The New York Yankees lost to the Atlanta Braves, 7-3, on Friday afternoon. You can't win 'em all, so this is hardly a reason to panic. But for Yankees fans, it was only the latest example of Aaron Boone's frustrating inability to hold his players accountable and develop winning habits on the baseball diamond. You won't find another contender who can replicate the sheer volume of boneheaded mistakes this Yankees team makes.

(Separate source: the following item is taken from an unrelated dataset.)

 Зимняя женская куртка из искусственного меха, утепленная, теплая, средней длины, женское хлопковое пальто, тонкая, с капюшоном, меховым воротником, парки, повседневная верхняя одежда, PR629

In the top of the third inning, with runners on first and second and one out, Cody Bellinger sent the baseball a mile high into the right field corner. Ronald Acuña Jr. drifted under it for the Braves; Jorbit Vivas, New York's runner at second, prepared to tag up to third. Because nobody could possibly throw him out from that distance.
Ya-nope. Out. Acuña, lest we forget, is probably the closest mankind will get to a superhero.

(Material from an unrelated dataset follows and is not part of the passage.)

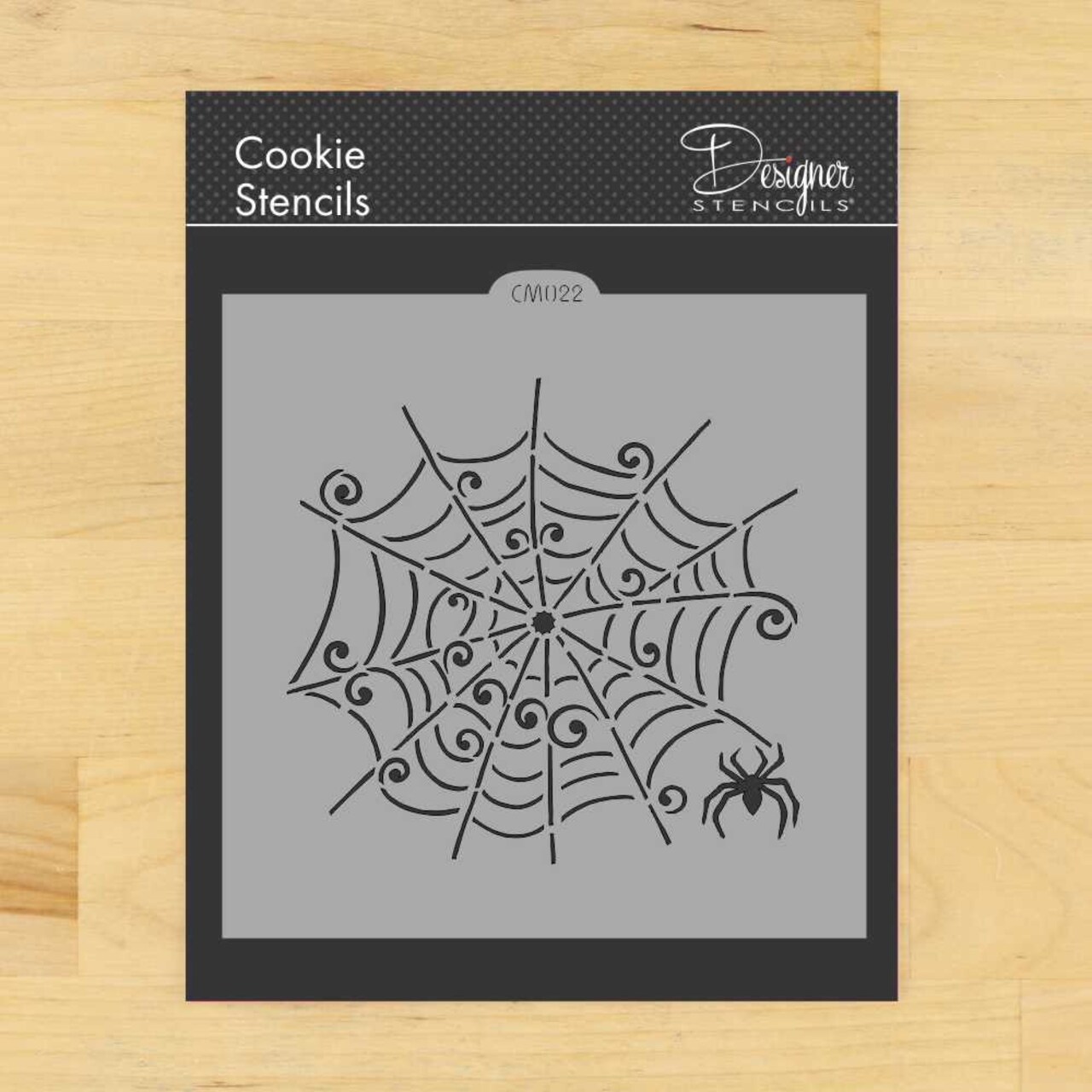 Whimsical Spiderweb Cookie & Craft Stencil | CM022 by Designer Stencils | Stencils for Royal Icing, Airbrush, Dusting Powder |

is Jorbit Vivas not sliding here an inexplicable and inexcusable error? yes
— Céspedes Family BBQ (@CespedesBBQ) July 19, 2025
should we all be immensely grateful for his blunder so that this outrageous Ronald Acuña Jr. throw isn’t lost to history? also yes pic.twitter.com/tiMbHSIsfu
Vivas did not slide and was thus tagged out on a throw from damn near the right field warning track. After the game, Boone was asked if he considered benching Vivas. His answer was an unsurprising no.
"I bench when guys don't run hard."
Aaron Boone said there wasn't any consideration of benching Jorbit Vivas.
— Chris Kirschner (@ChrisKirschner) July 19, 2025
"I bench when guys don't run hard."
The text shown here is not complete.